Démêler le spin-favoritisme des molécules chirales


Un nouveau modèle théorique explique pourquoi les molécules chirales favorisent le transport des électrons dans un état de spin par rapport à l’autre, fournissant un ajustement quantitatif aux expériences.1

De nombreux matériaux porteurs de courant ne montrent aucune polarisation vers l’état de spin des électrons qu’ils transportent, permettant aux espèces de spin-up et de spin-down de circuler en nombre égal. Mais les molécules chirales peuvent être plus discriminantes, offrant un passage plus facile à une orientation de spin qu’à son homologue.

L’effet, appelé sélectivité de spin induite par la chiralité, ou CISS, est connu depuis plusieurs années. Des expériences de 2011, par exemple, montrent un degré marqué de déséquilibre de spin lorsque le courant passe à travers un brin d’ADN attaché à une électrode en or.2

Pourquoi cela arrive-t-il? Un bon point de départ pourrait être l’effet solénoïde. Le courant en spirale à travers la structure hélicoïdale de l’ADN génère un champ magnétique le long de l’axe moléculaire, un peu comme dans une bobine de fil. Ce champ interagit avec les moments magnétiques des électrons, favorisant énergétiquement ceux qui tournent dans une certaine direction. C’est logique, mais il y a un problème. « C’est des ordres de grandeur trop petits », déclare Yonatan Dubi, théoricien à l’Université Ben Gourion du Néguev en Israël. « Donc, la question est, qu’est-ce qui peut donner lieu à cela? »

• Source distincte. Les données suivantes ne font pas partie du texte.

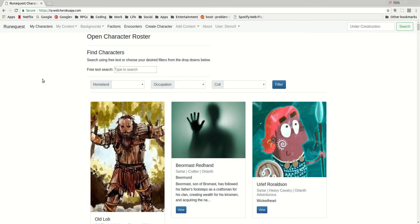Hello and welcome to episode 7 of the RuneQuest in Glorantha character app. This episode will be talking about how to create background material.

La réponse de Dubi réside dans l’électrode en or et son interaction avec l’hélice d’ADN. Récemment, il a proposé le mécanisme spinterface3 (un portemanteau de spin et d’interface), dans lequel l’effet solénoïde engendre une rupture de symétrie plus large des orbitales d’électrons dans l’électrode. Le couplage spin-orbite qui en résulte entraîne un courant de spin plus important, qui à son tour réinjecte une inclinaison orbitale encore plus prononcée.

«Le mécanisme clé ici est l’interaction entre l’aimantation de surface et la différence de spin dans la molécule», déclare Dubi.

Dans l’état actuel des choses, la théorie de Dubi ne s’appliquait qu’aux molécules courtes. Maintenant, il l’a étendu pour couvrir des brins d’ADN plus longs et l’a mis en correspondance avec les expériences.2

Deux défis se présentaient, le premier découlant des expériences elles-mêmes. La mesure directe du courant de spin est extrêmement délicate, c’est pourquoi les expérimentateurs l’ont déduit indirectement, en connectant une électrode de nickel magnétisée à l’autre extrémité de la molécule d’ADN et en mesurant le courant de charge à deux aimantations différentes.

La deuxième complication est venue des vibrations thermiques dans la molécule, qui brouillent les fonctions d’onde des électrons loin de leurs états purs. «Vous ne pouvez pas utiliser la mécanique quantique cohérente pour décrire un ADN long de 40 paires de bases», déclare Dubi.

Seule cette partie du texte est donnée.